Every entry below is to be copied word for word, with its pictures removed.
/---
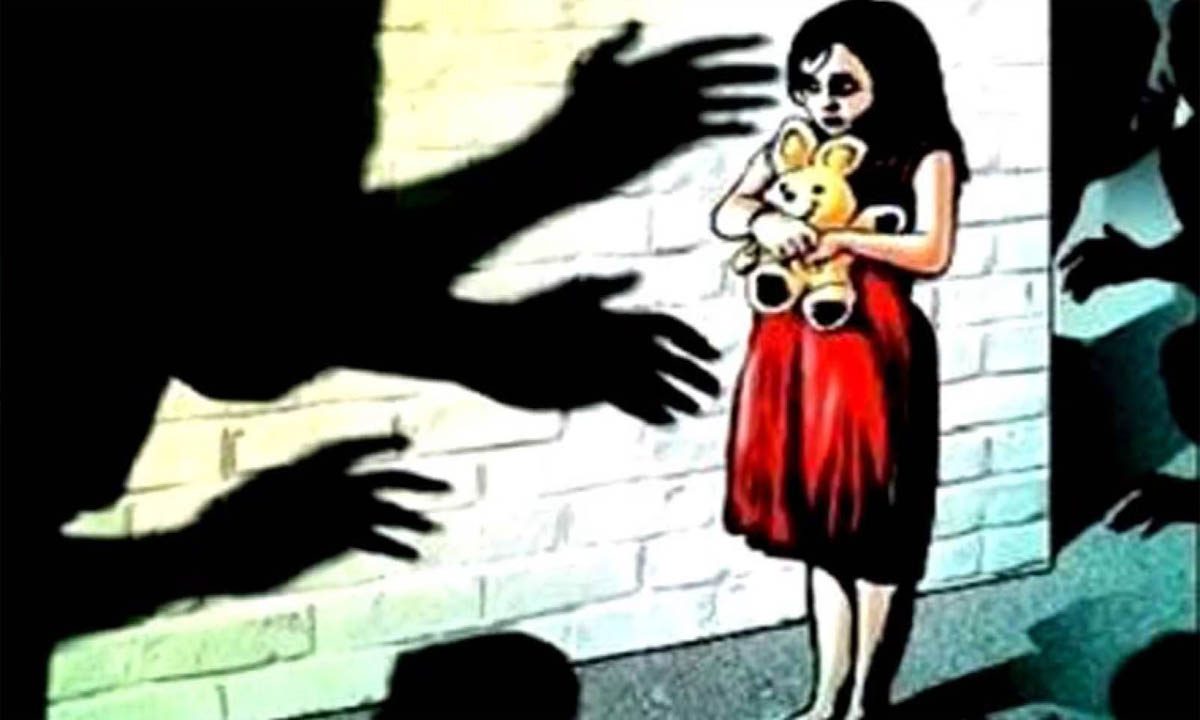 नाबालिग चचेरी बहन को अश्लील वीडियो दिखाकर कई बार किया बलात्कार, गर्भवती हुई तो...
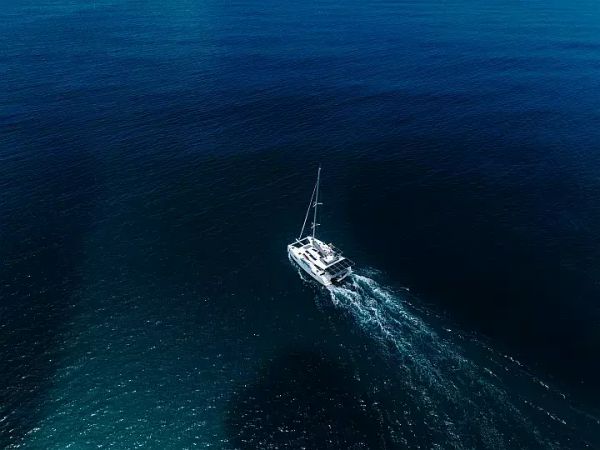 Lagoon 570 | Charcot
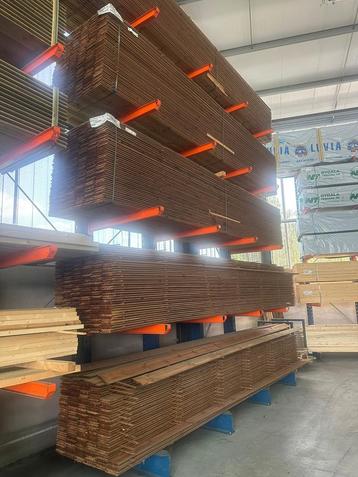 Mooie partij geimpregneerde rabat  planken 510/540cm beschikbaar voor biedingen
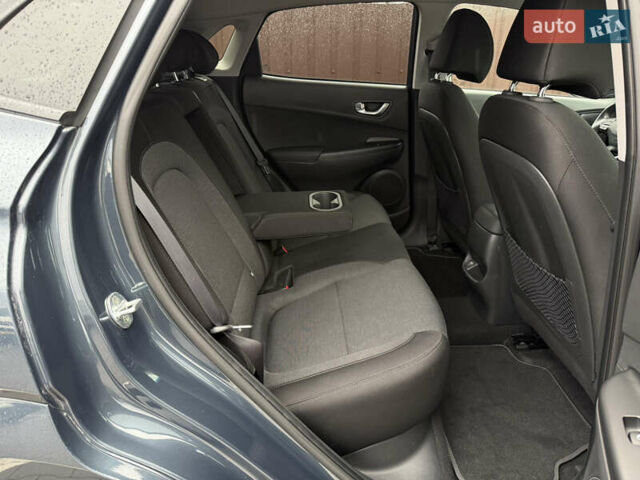 Сірий Хендай Kona, об'ємом двигуна 0 л та пробігом 32 тис. км за 18400 $, фото 18 на Automoto.ua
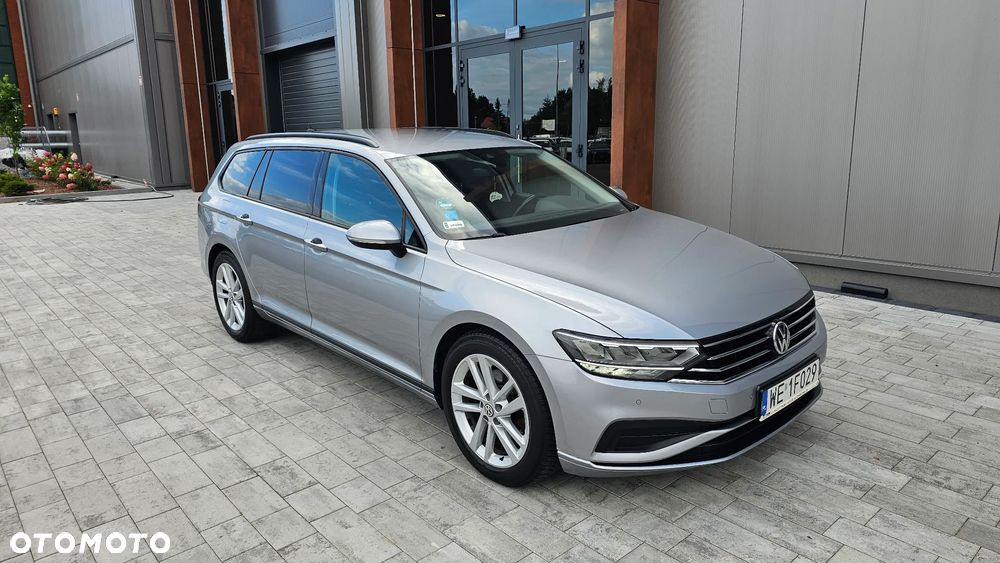 Volkswagen Passat Variant 2.0 TDI EVO Business DSG - 5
\---
[Answer to this task]
 नाबालिग चचेरी बहन को अश्लील वीडियो दिखाकर कई बार किया बलात्कार, गर्भवती हुई तो...
 Lagoon 570 | Charcot
 Mooie partij geimpregneerde rabat  planken 510/540cm beschikbaar voor biedingen
 Сірий Хендай Kona, об'ємом двигуна 0 л та пробігом 32 тис. км за 18400 $, фото 18 на Automoto.ua
 Volkswagen Passat Variant 2.0 TDI EVO Business DSG - 5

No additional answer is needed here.